Due sotto il burqa, si ride con la commedia francese sull’integralismo

Il film di Sou Abadi dimostra che si può sorridere parlando di fondamentalismo islamico, la regista lo presenta alla stampa. In sala il 6 dicembre con I Wonder Pictures

Due sotto il burqa è una deliziosa commedia che vi farà sorridere sull'integralismo islamico

Due sotto il burqa è la commedia francese che vi farà sorridere pur parlando di integralismo islamico. Il film di Sou Abadi che invita alla tolleranza verso tutti arriverà al cinema il 6 dicembre ed è la scommessa natalizia di I Wonder Pictures. La regista franco-iraniana ha presentato oggi il suo film alla stampa.

Due sotto il burqa racconta una storia d’amore fra Leila e Armand, i due studenti di Scienze Politiche stanno per partire a New York per prendere parte a un tirocinio all’ONU. Le loro vite cambiano quando il fratello di Leila, Mahmoud, torna da un viaggio in Yemen ed è diventato un integralista islamico: dopo averli visti insieme, chiude in casa Leila e le brucia il passaporto. Armand è disposto a tutto per riuscire a vederla e diventa… Shéhérazade, una donna iraniana nascosta sotto il burqa di cui s’innamorerà perdutamente Mahmoud.

La divertente commedia francese fa sorridere su tematiche che normalmente mettono molta paura, per l’ispirazione la regista non è dovuta andare molto lontana:

“Sono di origine iraniana, questa storia è dentro di me,  le restrizioni nel vestiario, l’integralismo: avevo voglia di parlarne, d’adolescente ho vissuto gli anni della presa al potere degli integralisti e non c’era niente di comico. Volevo parlarne ma con un’ottica comica visto perché le tragedie dell’integralismo sono note in tutto il mondo. Volevo che lo spettatore ridesse in maniera intelligente”.

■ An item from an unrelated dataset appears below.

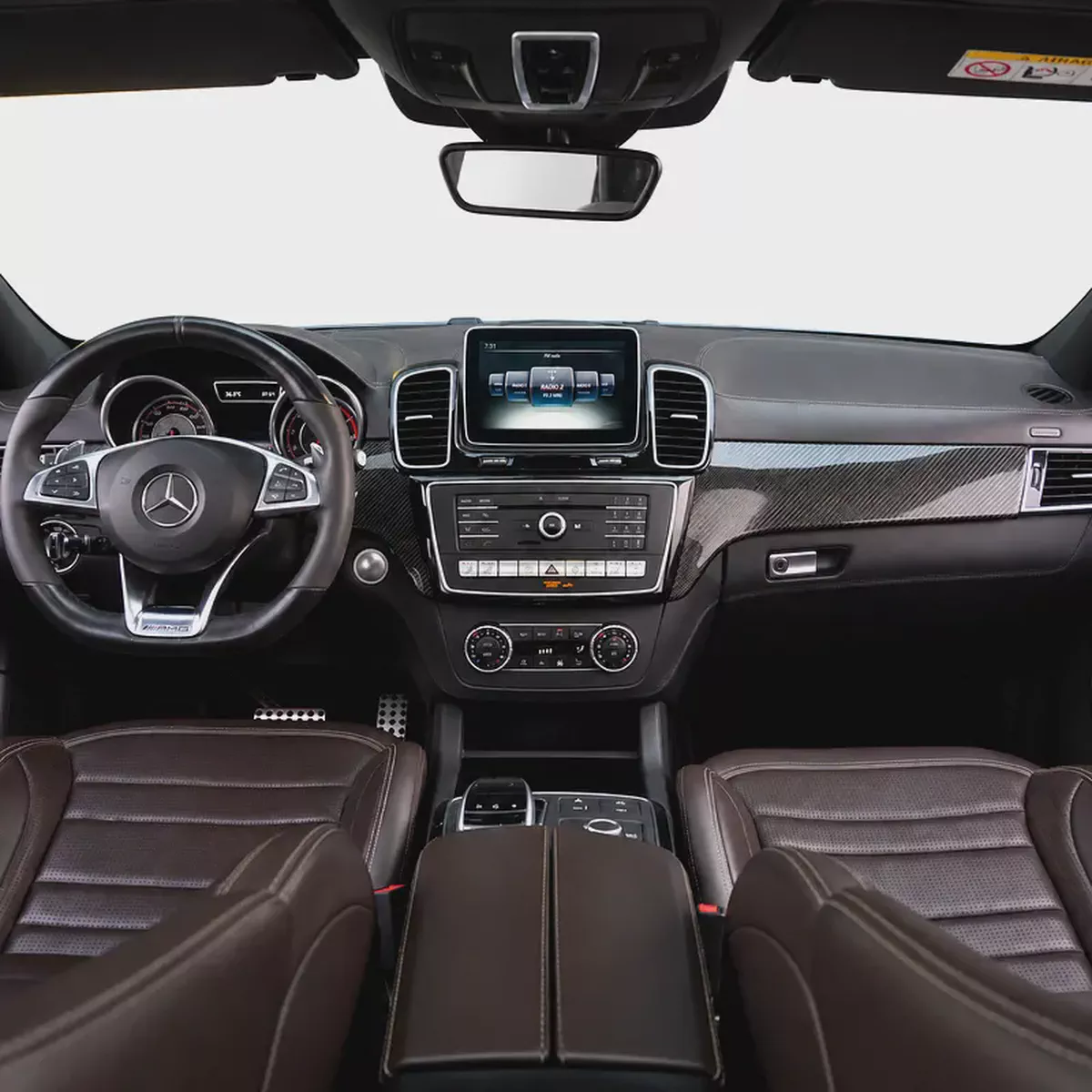 AED 5,739 P.M • 0% Downpayment • Mercedes-Benz GLE 63 S AMG • 1 Year Warranty-9-9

Ed è quello che succede nella commedia diretta da Sou Abadi, la regista ha sorriso racconta l’ironia che si nasconde dietro la commedia Due sotto il burqa:

“Sono scappata dall’Iran, ma oggi mi sento come Ulisse che è rifuggito dal suo destino e trent’anni dopo mi ritrovo ad affrontare le stesse tematiche e assurdità questa società, mi sono detta che toccava a me parlare di queste tematiche anche perché in Francia se ne parla poco”.

Anche in Francia, dove il film è uscito a giugno con il titolo Cherchez la femme (un’espressione idiomatica che vuol dire dare la colpa a qualcuno, ndr) è stato ben accolto, Sou Abadi si è messa a scriverne la sceneggiatura dopo sedici anni di distanza dal suo primo film, il documentario SOS Teheran, e dopo aver abbandonato un progetto di un documentario su un’ex spia israeliana:

“Dopo cinque anni che lavoravo a quel progetto, ho capito che sarebbe stato un fallimento e sono caduta per due mesi in depressione e mi sono messa a lavoro su Due sotto il burqa. Da quando ho iniziato a scriverlo, non mi sono mai censurata nella mia vita e non l’ho fatto neanche per questo film. Ho scritto e ho detto tutto quello che volevo dire in modo educato”.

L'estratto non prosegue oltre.